Set down each line of the material that follows, exactly, with no pictures.
======== Data block ========
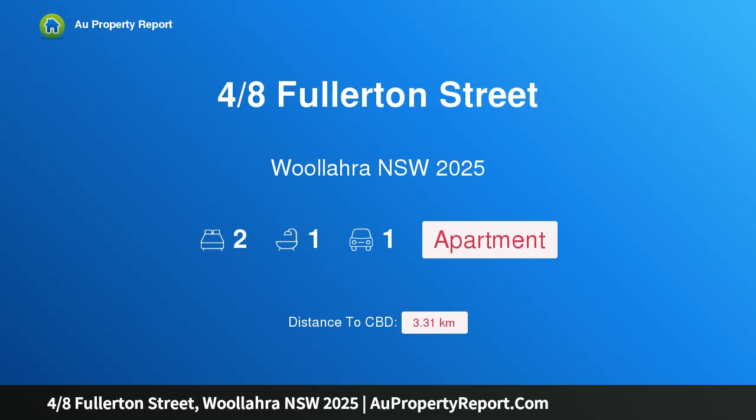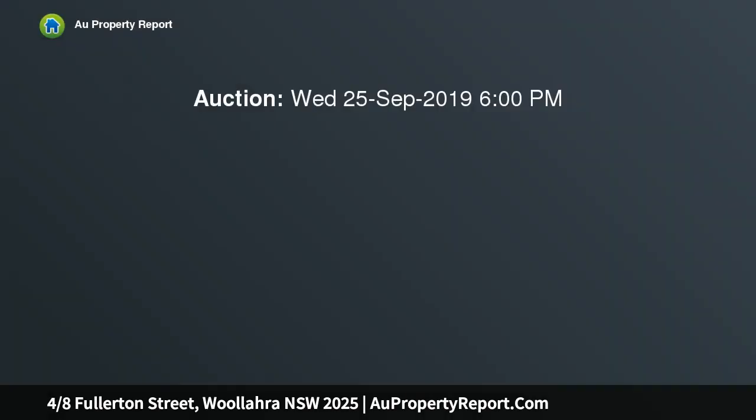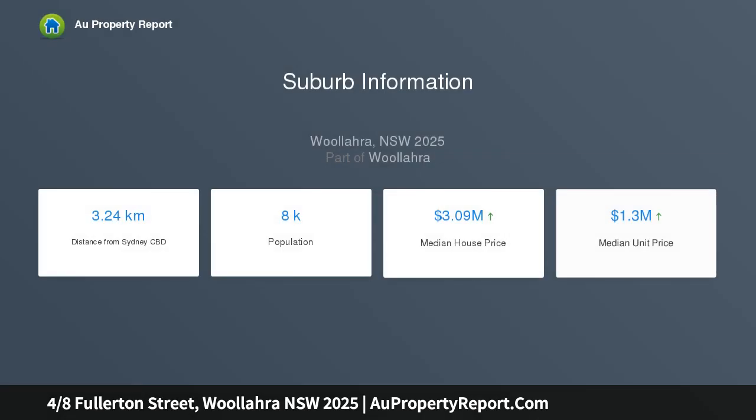I am glad to introduce property 48 Fullerton Street, Willara NSW 2025 — a garden apartment in an exclusive Willara enclave. One of only a handful of garden apartments in the prestigious Piccadilly Gardens, this bright and airy security apartment is ideal for the executive buyer, downsizer, or as a city base in an exclusive consular belt setting.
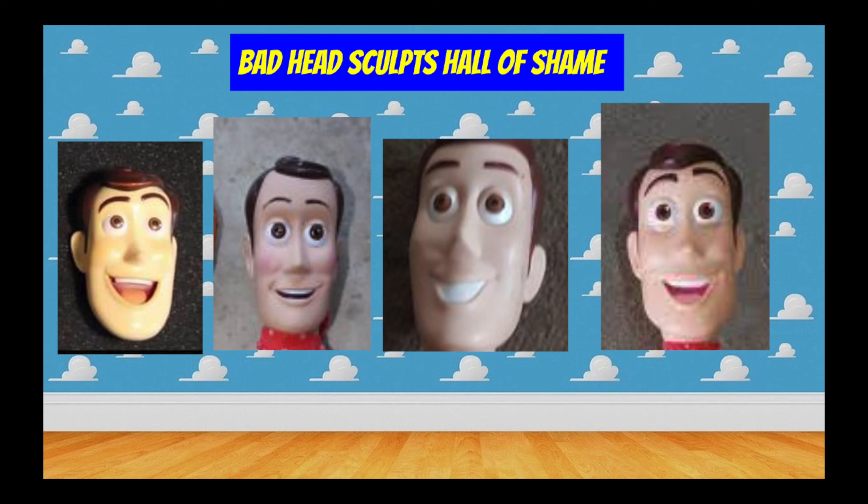What is up guys, Sibling Story Productions here back with another video. Today we are going to be looking at the bad head sculpts of the Toy Story toy manufacturing companies. Let's get to it.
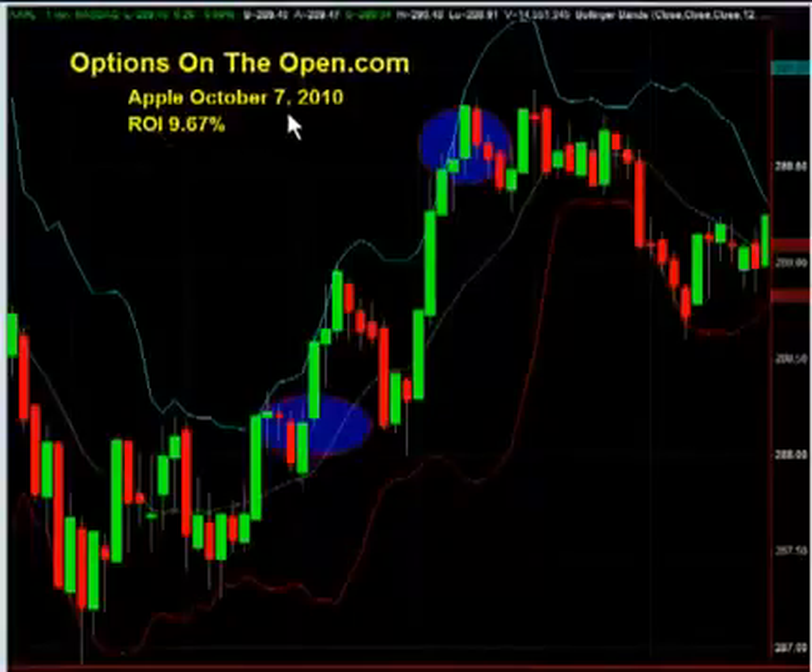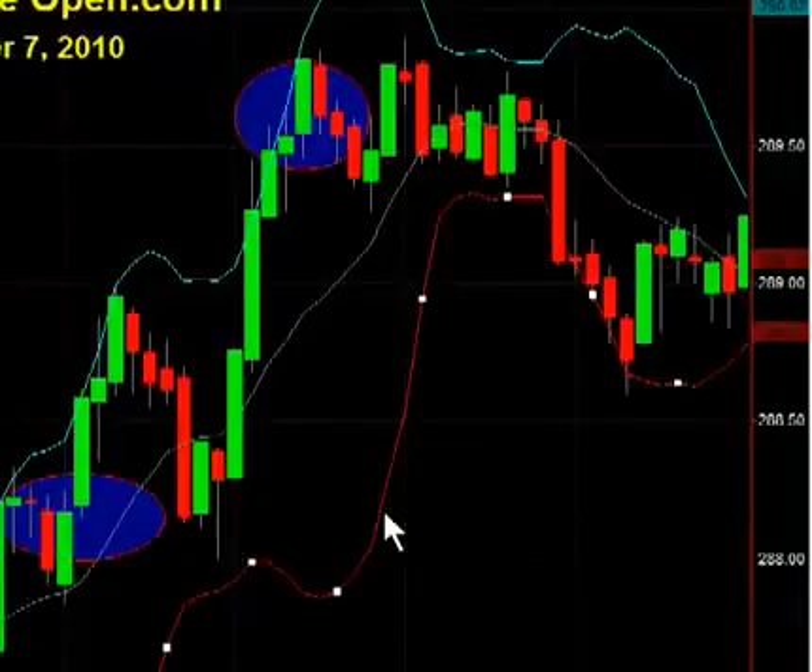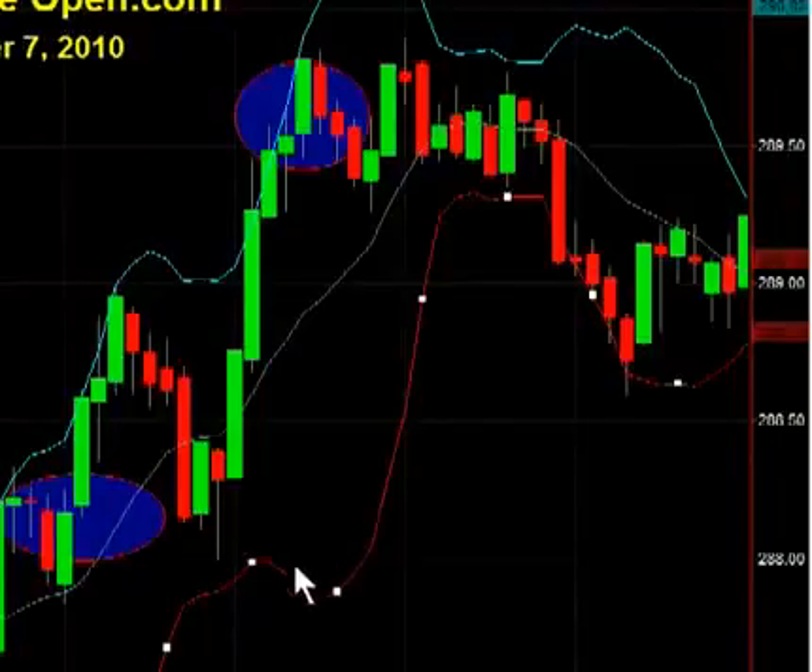Here's the first trade — Apple, taken on October 7, 2010. At approximately 9:11 Central Time, right in here, when Apple was trading around $288, we bought the October 300 calls. We held these calls for approximately 20 minutes and the market eventually spiked and Apple moved higher up here to around $289 and around $289.70. Approximately at this price right here, we exited our position on the Apple October 300 calls and were able to make over a 9% return on our capital versus just 1.5% if you had traded the Apple shares outright.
========
→ Answer box
I am glad to introduce property 48 Fullerton Street, Willara NSW 2025 — a garden apartment in an exclusive Willara enclave. One of only a handful of garden apartments in the prestigious Piccadilly Gardens, this bright and airy security apartment is ideal for the executive buyer, downsizer, or as a city base in an exclusive consular belt setting.
What is up guys, Sibling Story Productions here back with another video. Today we are going to be looking at the bad head sculpts of the Toy Story toy manufacturing companies. Let's get to it.
Here's the first trade — Apple, taken on October 7, 2010. At approximately 9:11 Central Time, right in here, when Apple was trading around $288, we bought the October 300 calls. We held these calls for approximately 20 minutes and the market eventually spiked and Apple moved higher up here to around $289 and around $289.70. Approximately at this price right here, we exited our position on the Apple October 300 calls and were able to make over a 9% return on our capital versus just 1.5% if you had traded the Apple shares outright.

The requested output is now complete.